It is 2006, and it is my third year overseas. I am quite surprised how much I have changed over the years, and how much I have still remained the same.
Coming abroad has really made me more independent, both in terms of living as well as personal thinking and outlook. I remembered the times - both good and bad - when I have to learn to grow up, think rationally and make major decisions. Going through the experiences, getting hurt sometimes, feeling happy sometimes, is something that I will cherish always. They made me grow, and made me change for better.
Growing up is such an interesting thing. As I grow older, I no longer hold too tightly to some 'philosophies' I used to have about the world, instead, the outlook about life, the thinking about this world, the principle of my life, grow to a higher level maturity and openness. Yet, there is still so much more to learn in life, to experience and to try out, to make changes, to do something that matters. Lying ahead is a long stretch of road I will embark on.
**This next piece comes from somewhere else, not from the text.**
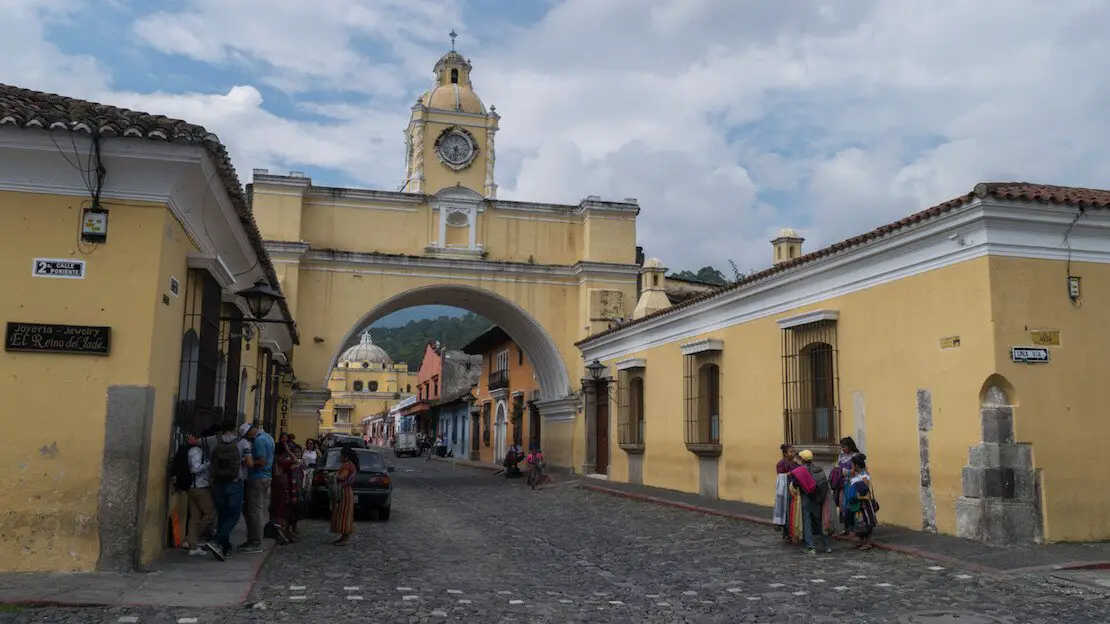 Per le strade di Antigua in Guatemala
This is the path of my life, and I want to walk it well.
Interestingly, along the way, I discovered my inner strength, and rediscovered my dreams. Somehow the dream to make an impact of change in life is not a faraway dream. Somehow the childhood dream of writing books to initiate changes is not impossible. Somehow, my dreams are achievable, if I have the will to go for it.
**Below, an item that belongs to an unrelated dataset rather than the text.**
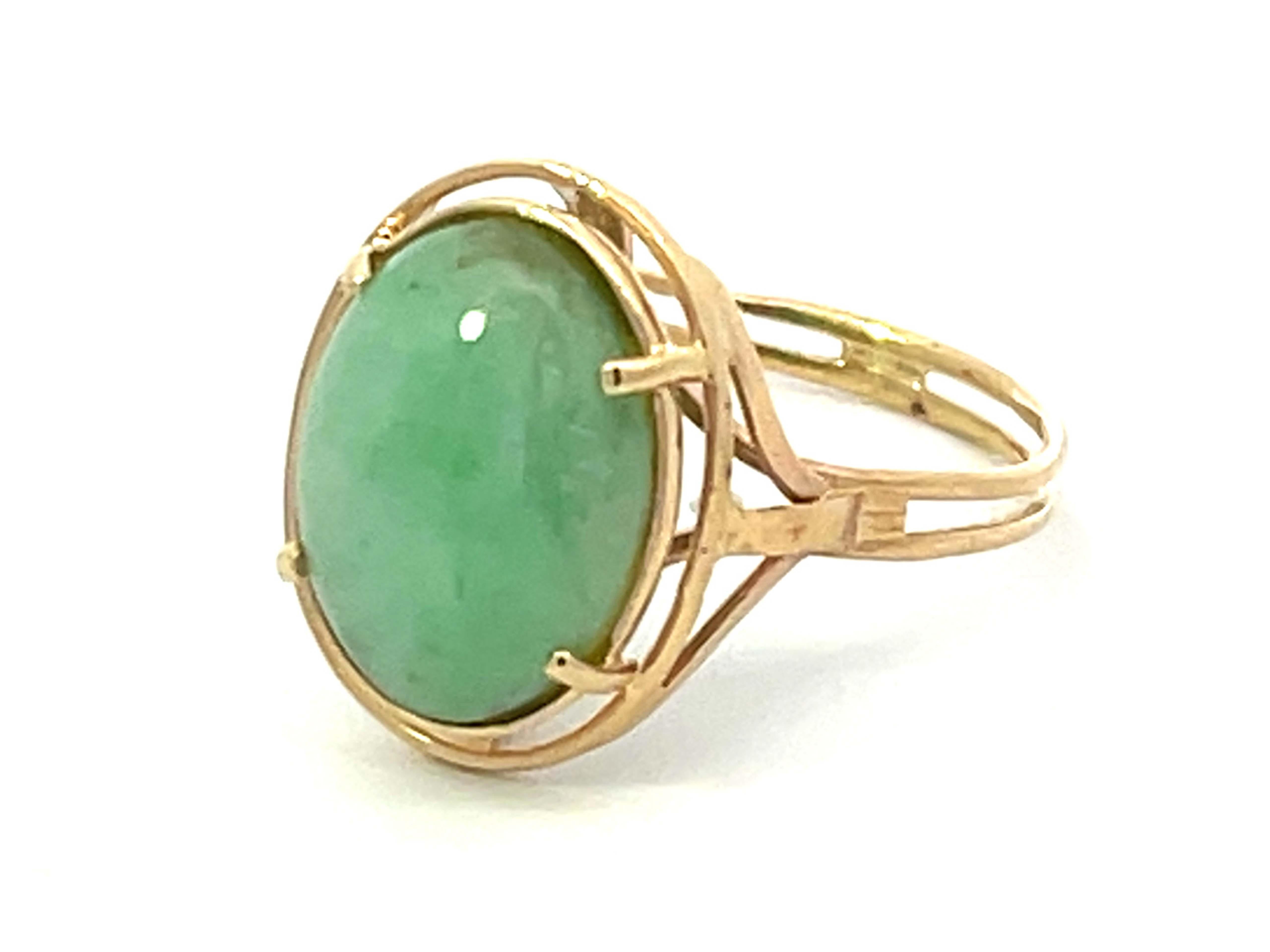 Mings Oval Green Cabochon Jade Ring 14k Yellow Gold In Excellent Condition In Honolulu, HI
Sitting down reflecting, reviewing the past, and at the same time thinking ahead, might sound like a procrastination. But as I look back, look ahead, and look where I am standing, I can reposition myself to the right direction I wish to head to.
As usual, I do not do resolutions of new year. I just wish for clarity of mind to make decisions, wholesomeness of heart to care, and health to carry on living this life.
Happy New Year.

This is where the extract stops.